§ EXERCISE:
Write out exactly, with both ends included, the lines that run from the line containing "На фото Золотые" to the end of the entries. Pictures are not part of the answer.

(Image-caption web data)
┌──

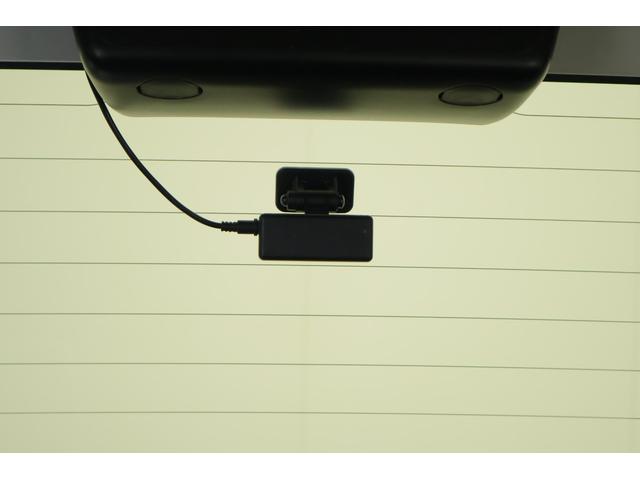 シエンタ ハイブリッドＺ　衝突被害軽減ブレーキ　１０．５インチＤＡナビ　地デジＴＶ　全周囲カメラ　ＢＳＭ　レーダークルーズ　前後ドラレコ　ＥＴＣ　車線逸脱警報　クリアランスソナー　両側電動ドア　シートヒーター　ステアリングヒーター　ＡＣ１００Ｖ－１５００Ｗ　ワンオーナー（39枚目）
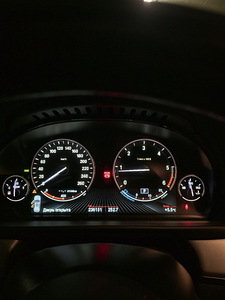 BMW 520 d (10 foto / 15)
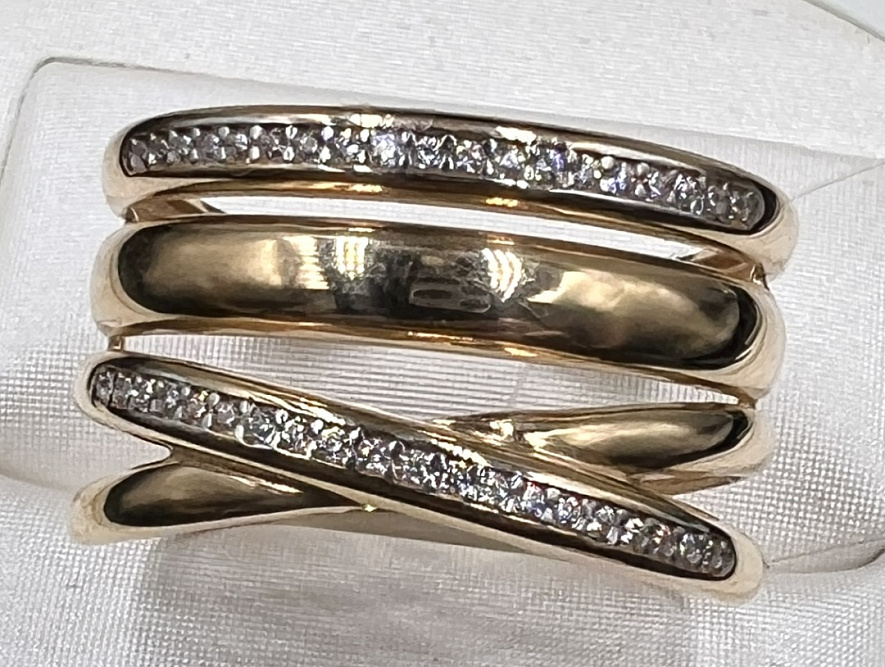 На фото Золотые кольца в Казахстане №кольцо из красного золота с фианитом 21 вес 5.08 г:     .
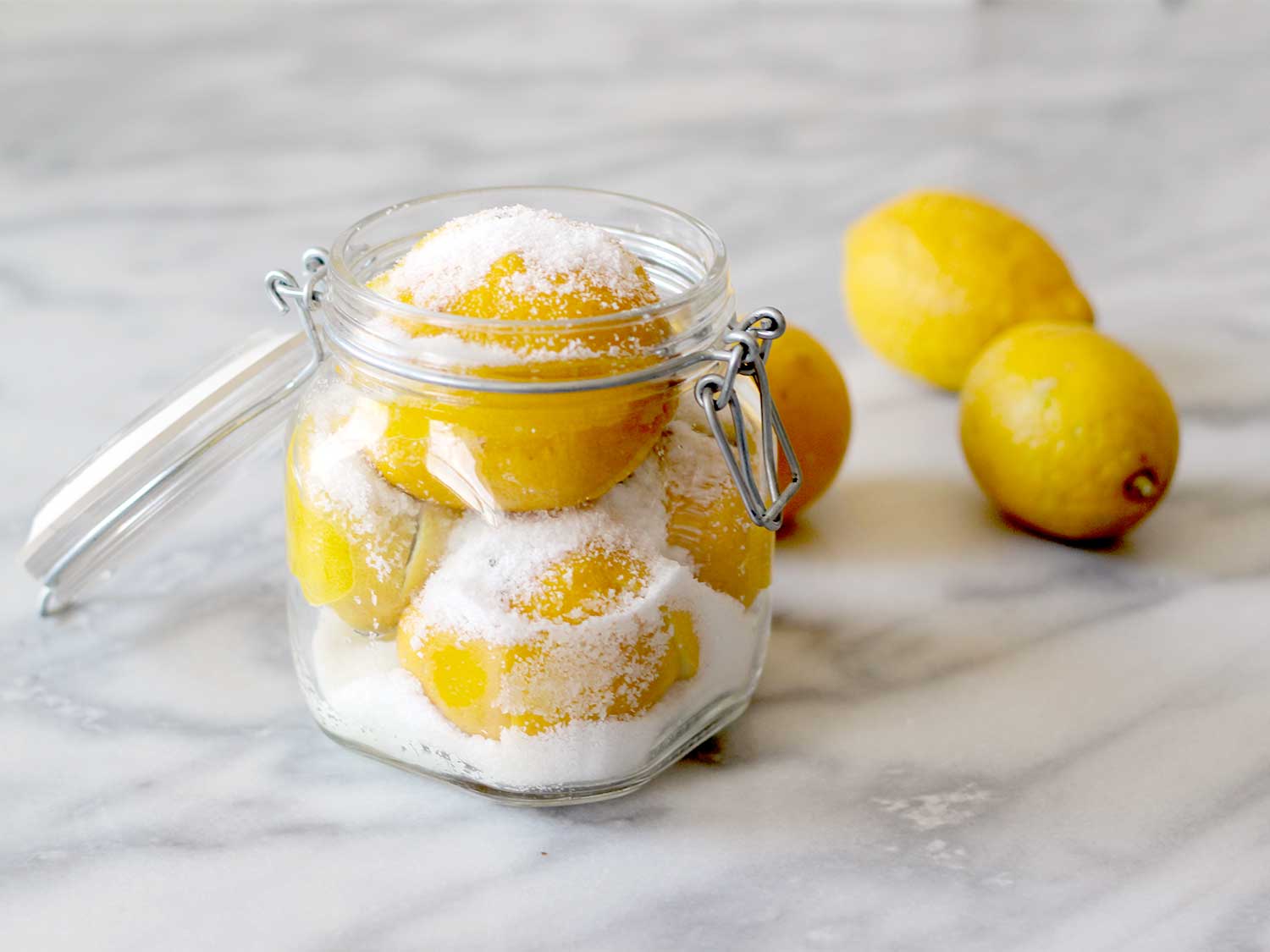 Memakai pasta lemon dan garam - 10 Cara Mujarab Menghilangkan Gigi Kuning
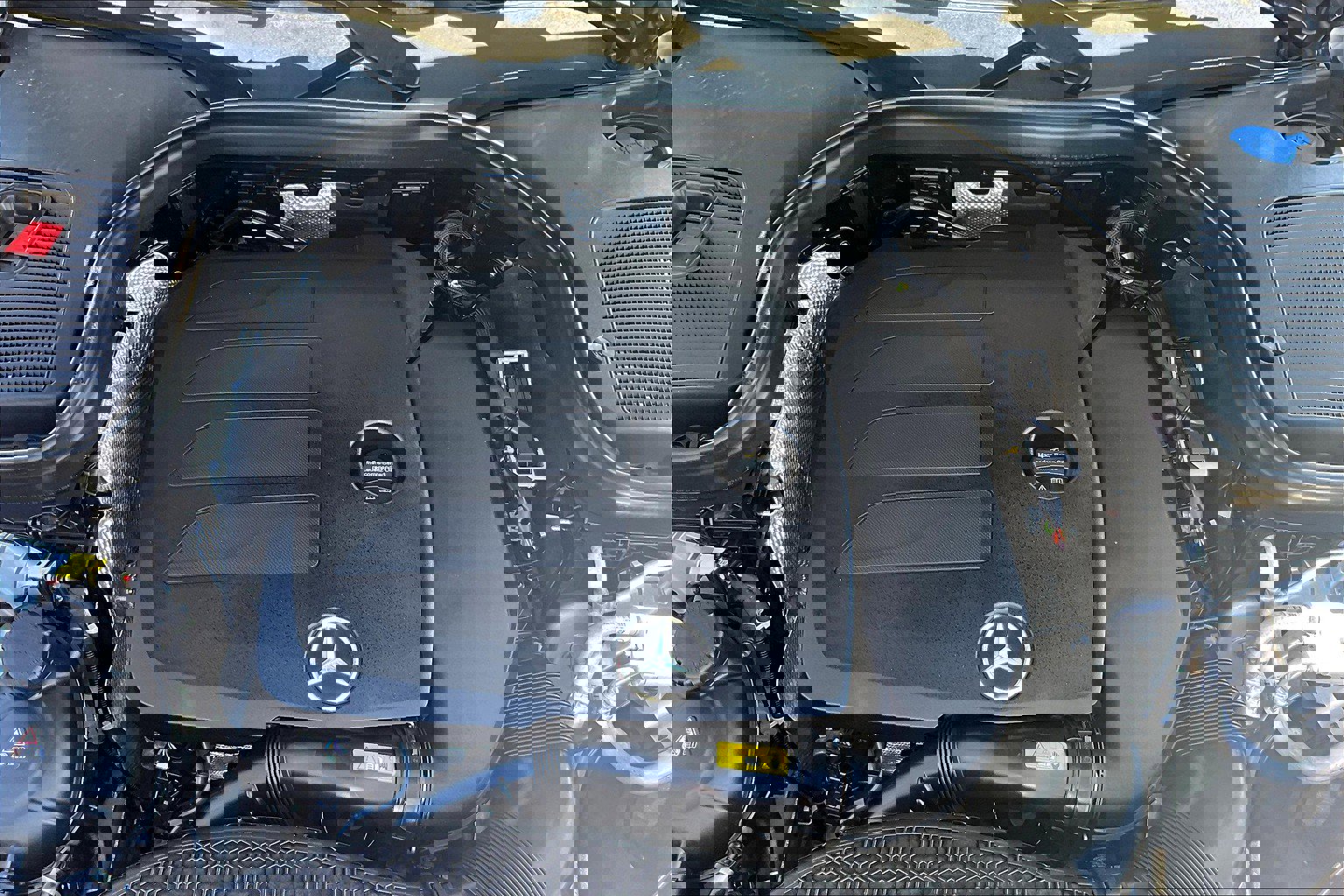 Used 2022 Mercedes-Benz GLC 300 w/ Premium Package Lite image 31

└──

§ WORKED SOLUTION:
 На фото Золотые кольца в Казахстане №кольцо из красного золота с фианитом 21 вес 5.08 г:     .
 Memakai pasta lemon dan garam - 10 Cara Mujarab Menghilangkan Gigi Kuning
 Used 2022 Mercedes-Benz GLC 300 w/ Premium Package Lite image 31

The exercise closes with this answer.